» What you will do:
Below is a listing to transcribe in full and exactly; keep the pictures out.

» Data shown:

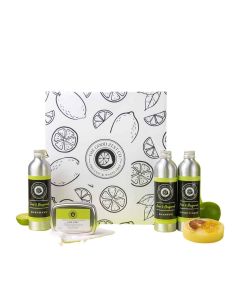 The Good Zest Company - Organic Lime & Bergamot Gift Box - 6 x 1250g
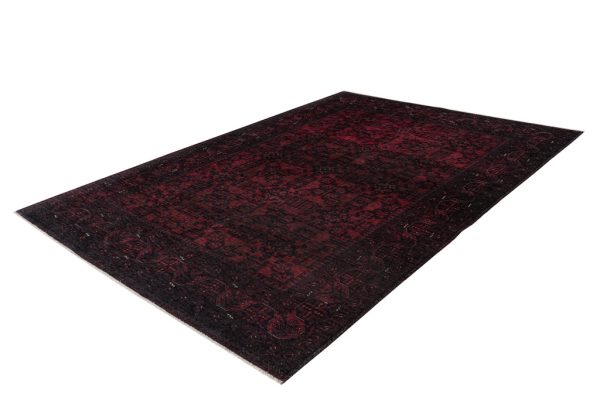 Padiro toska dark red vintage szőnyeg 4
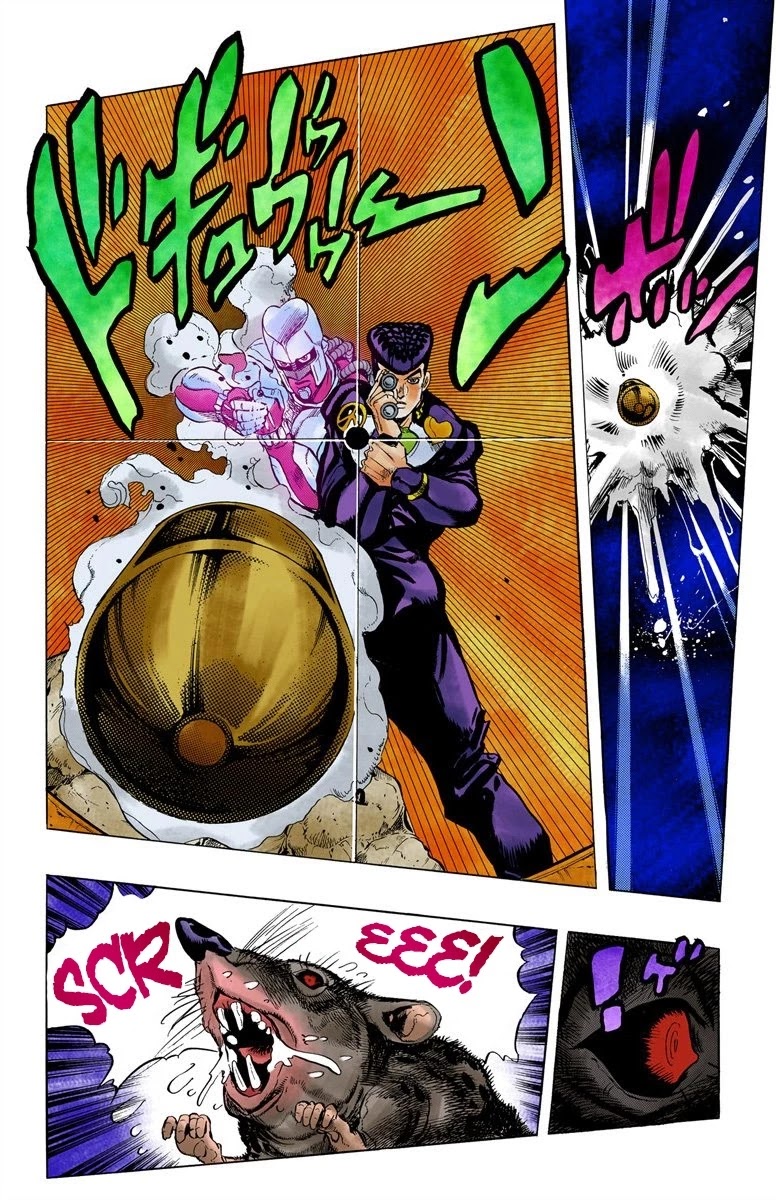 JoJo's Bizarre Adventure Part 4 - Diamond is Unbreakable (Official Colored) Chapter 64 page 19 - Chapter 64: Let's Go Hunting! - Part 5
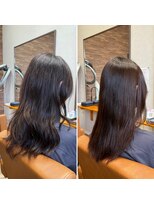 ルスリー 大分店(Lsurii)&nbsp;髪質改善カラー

» Finished exercise:
 The Good Zest Company - Organic Lime & Bergamot Gift Box - 6 x 1250g
 Padiro toska dark red vintage szőnyeg 4
 JoJo's Bizarre Adventure Part 4 - Diamond is Unbreakable (Official Colored) Chapter 64 page 19 - Chapter 64: Let's Go Hunting! - Part 5
 ルスリー 大分店(Lsurii)&nbsp;髪質改善カラー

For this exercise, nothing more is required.